** EXERCISE MATERIAL **
━━━━━━━━━━

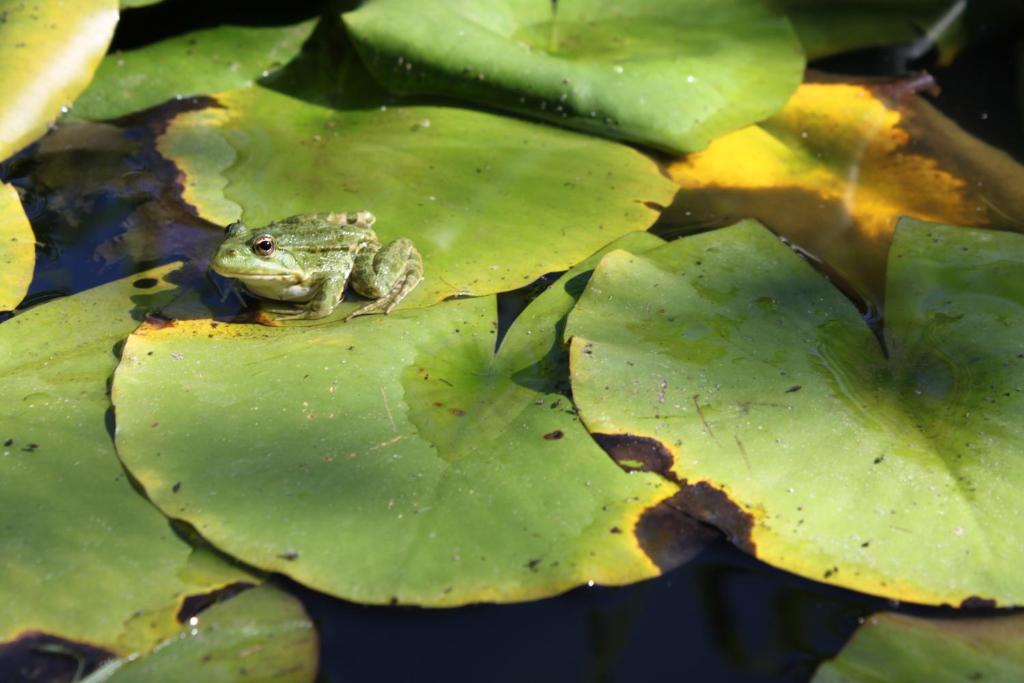 a frog sitting on top of a green leaf at les agnates in Flagey-Échézeaux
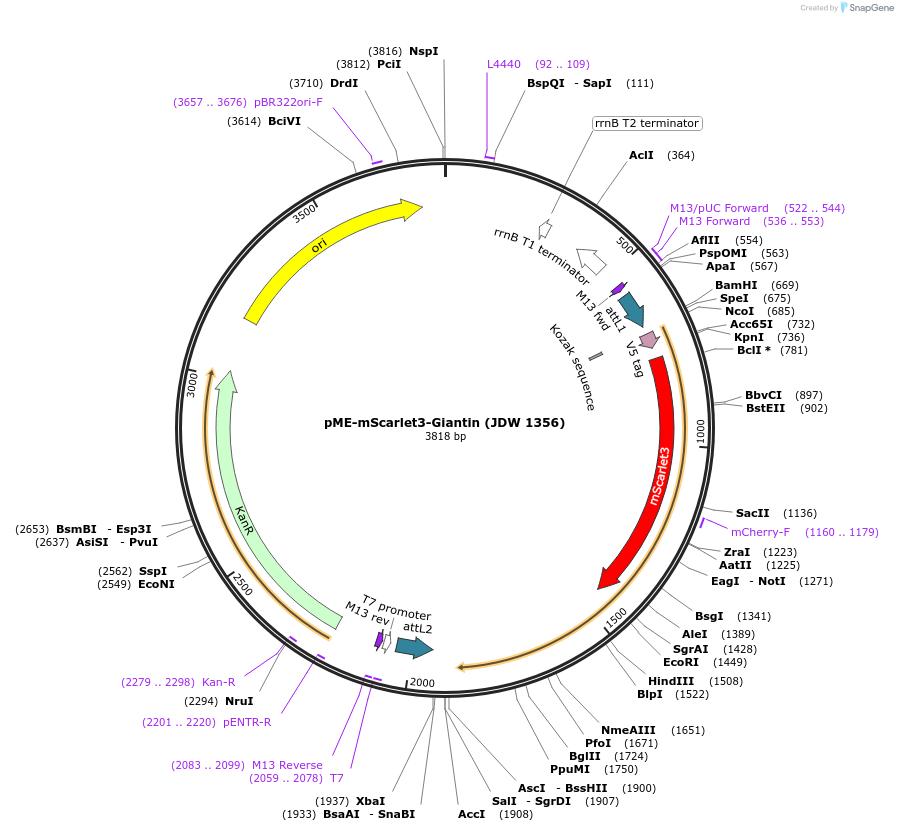 224502-plasmid-map-sequence-id-447031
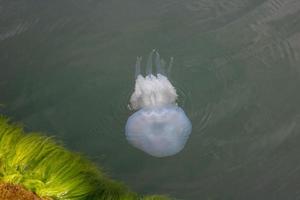 Black Sea jellyfish kornerot swims in the sea photo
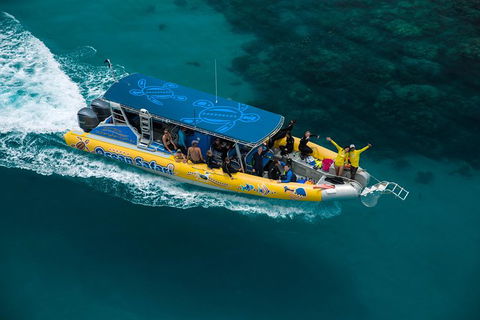 Ocean Safari Great Barrier Reef Experience In Cape Tribulation - Attractions 9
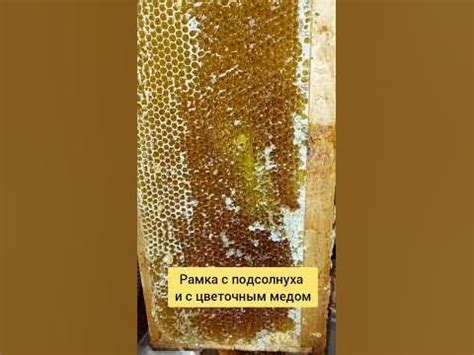 Две рамки с разными медом #простоопчелах - YouTube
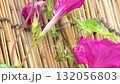 Morning glory 132056803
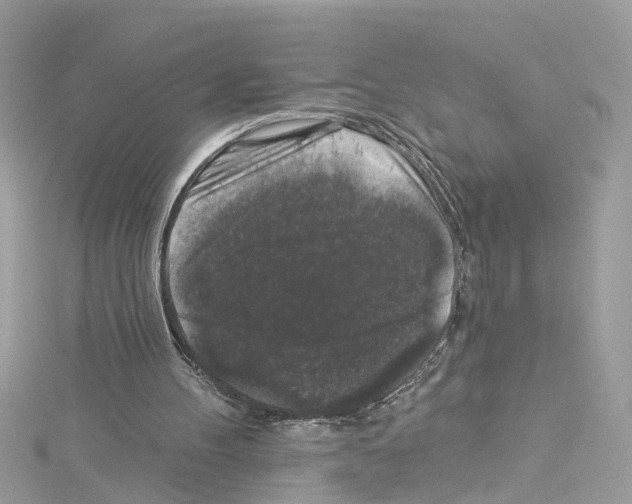 X0000114120100200911161147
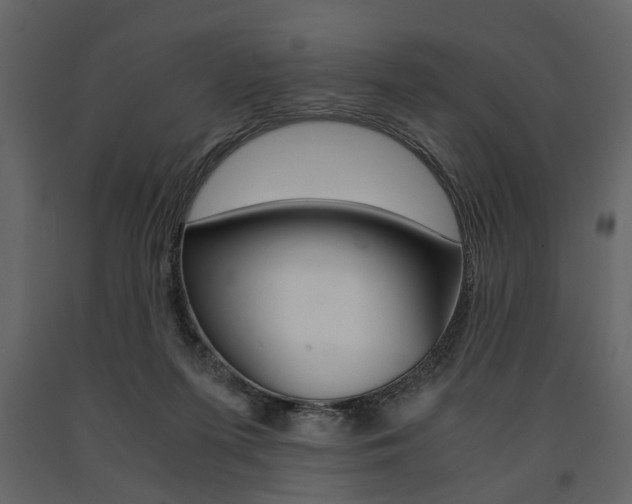 X0000091660215200708230958
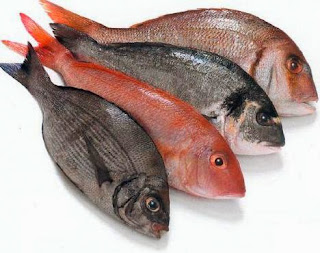 Los 5 pescados con más proteína Los 5 pescados con más proteína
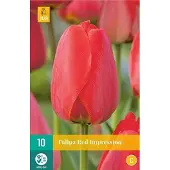 JUB 10 TULIPA RED IMPRESSION 11/12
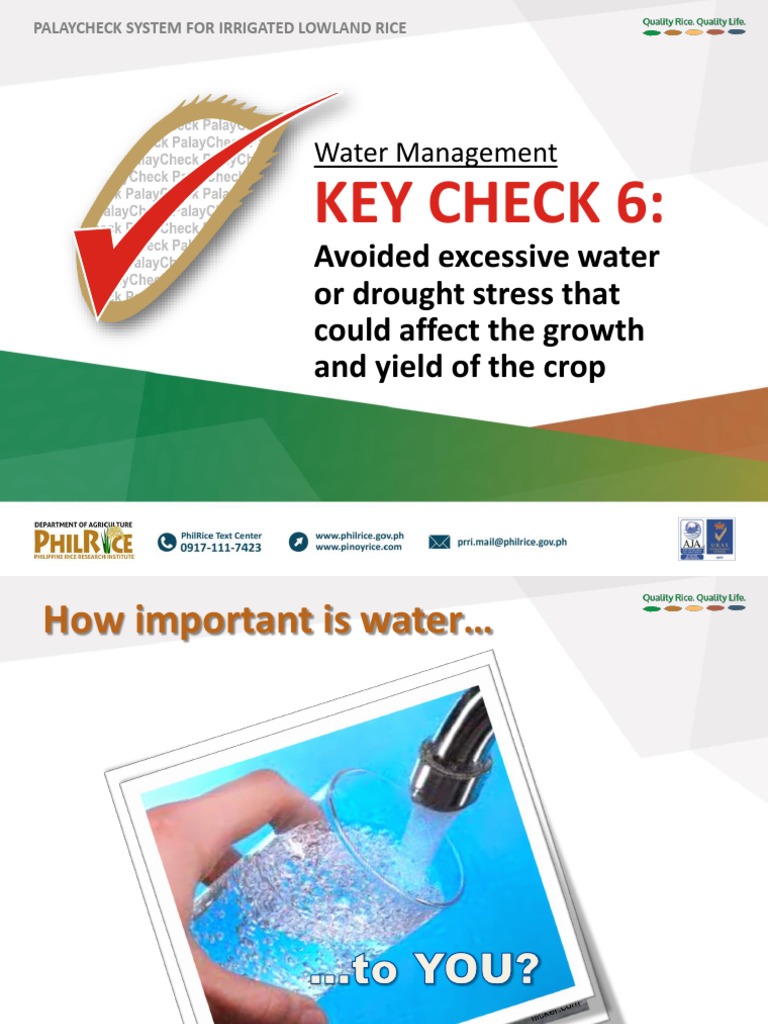 CR Key Check 6 - FINALdraft | PDF | Rice | Plants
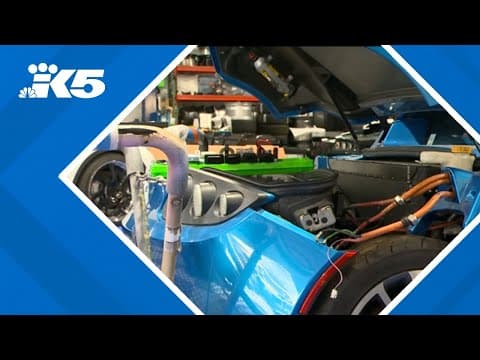 'Mayhem' at EV repair shop as more early adopters experience battery death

━━━━━━━━━━

The copy you give must repeat each record character for character, but it must not include the pictures.

 a frog sitting on top of a green leaf at les agnates in Flagey-Échézeaux
 224502-plasmid-map-sequence-id-447031
 Black Sea jellyfish kornerot swims in the sea photo
 Ocean Safari Great Barrier Reef Experience In Cape Tribulation - Attractions 9
 Две рамки с разными медом #простоопчелах - YouTube
 Morning glory 132056803
 X0000114120100200911161147
 X0000091660215200708230958
 Los 5 pescados con más proteína Los 5 pescados con más proteína
 JUB 10 TULIPA RED IMPRESSION 11/12
 CR Key Check 6 - FINALdraft | PDF | Rice | Plants
 'Mayhem' at EV repair shop as more early adopters experience battery death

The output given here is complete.